(Dataset extract)
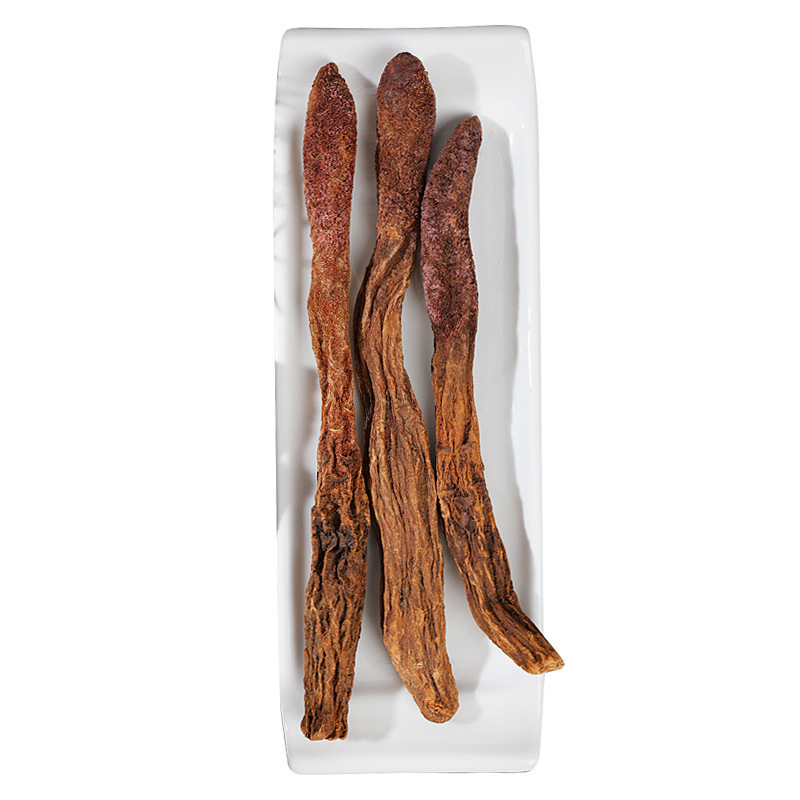 Cynomorium Songaricum Slices Suo Yang 500g Dried Herb for Tea Wine and Cooking - Image 5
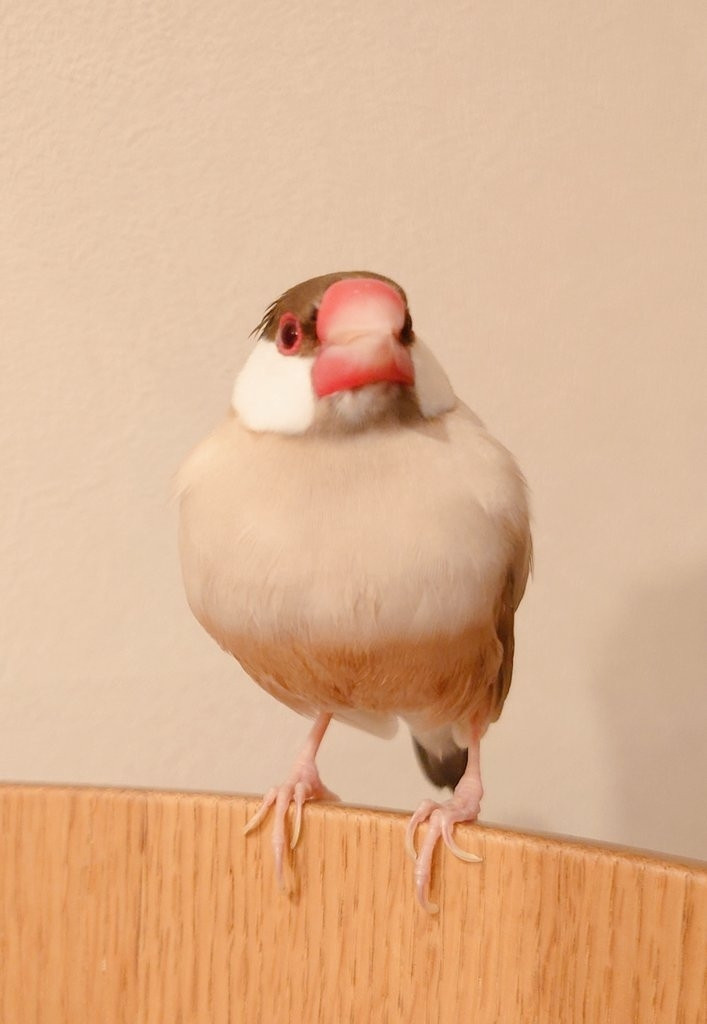 水浴びしてご満悦の文鳥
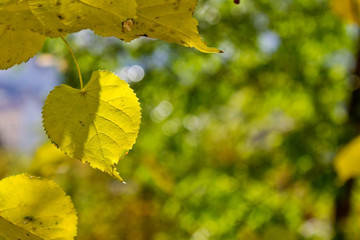 Yellow Leaf on Green Background - 301448860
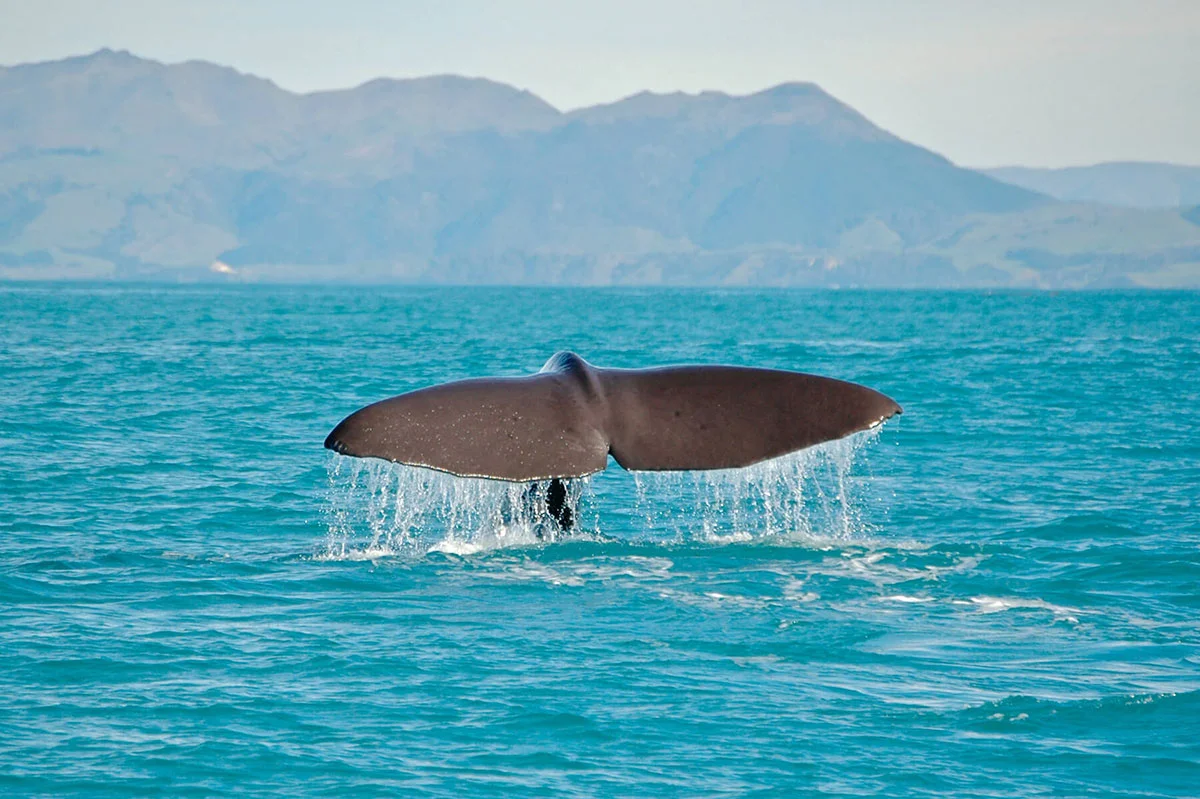 Whale Watch, Kaikoura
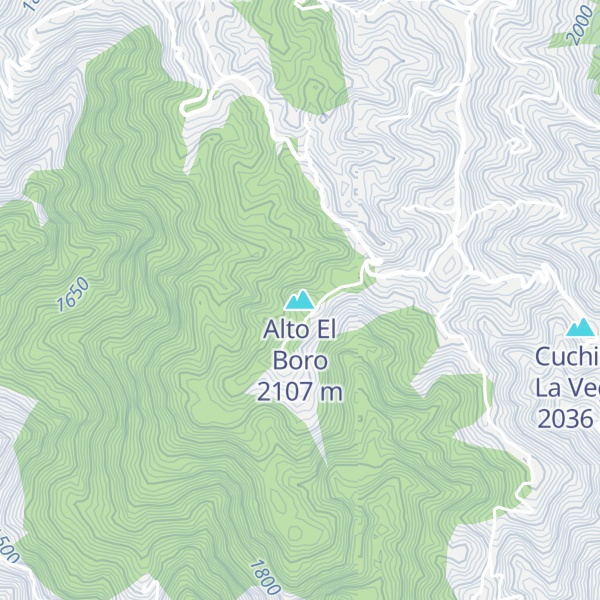 Map of Alto El Boro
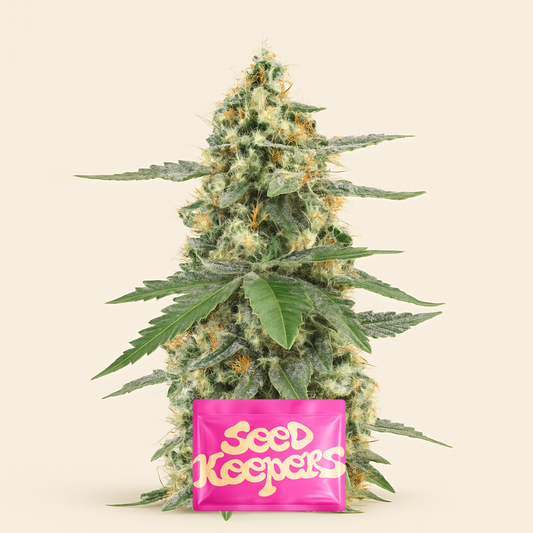 Sour Diesel Autoflower feminisierte Samen (Seedkeepers)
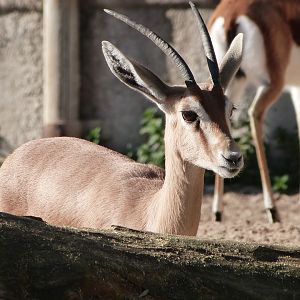 Saharan dorcas gazelle -Zoo Aquarium de Madrid (2025)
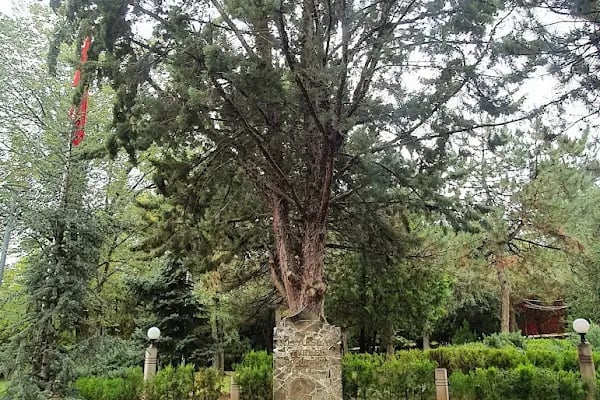 Alparslan Türkeş Kabri - Resim 13
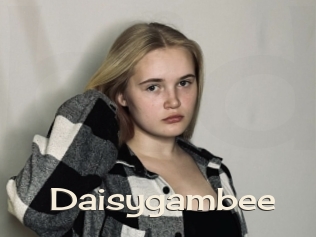 Daisygambee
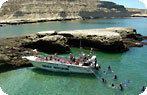Snorkeling, Peninsula Valdes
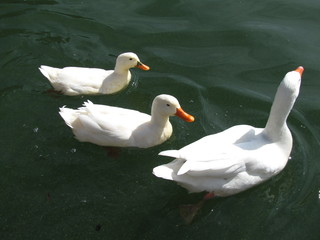 Patos Mexicanos en lago de Puebla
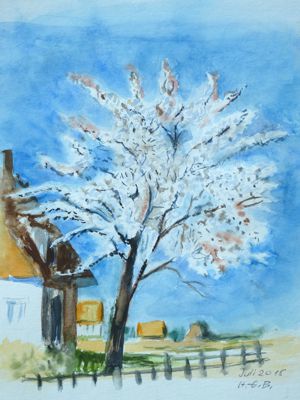 Baumbüte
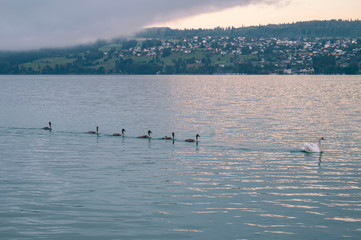 Fototapeta na wymiar Swan family in the morning grey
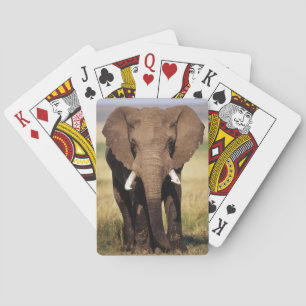 Afrikaanse Struik Elephant Pokerkaarten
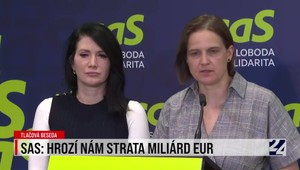 SaS: Hrozí nám strata miliárd eur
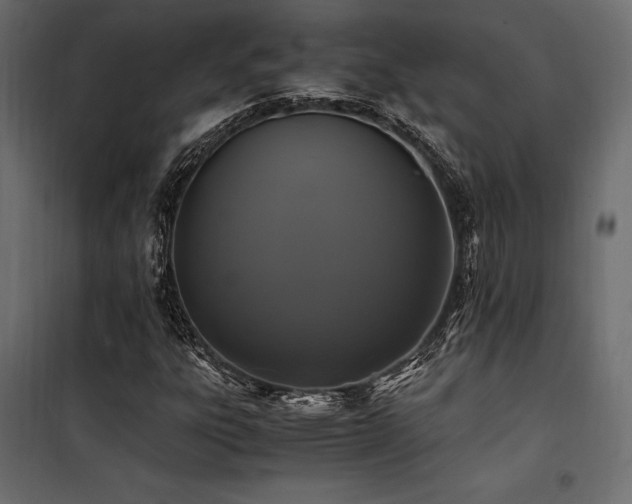 X0000100761303200806191158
(End Dataset extract)
Repeat the lines exactly as they stand, from the opening line of the data through the line with "Sour Diesel Autoflower". Pictures stay out of the copy.

Reply:
 Cynomorium Songaricum Slices Suo Yang 500g Dried Herb for Tea Wine and Cooking - Image 5
 水浴びしてご満悦の文鳥
 Yellow Leaf on Green Background - 301448860
 Whale Watch, Kaikoura
 Map of Alto El Boro
 Sour Diesel Autoflower feminisierte Samen (Seedkeepers)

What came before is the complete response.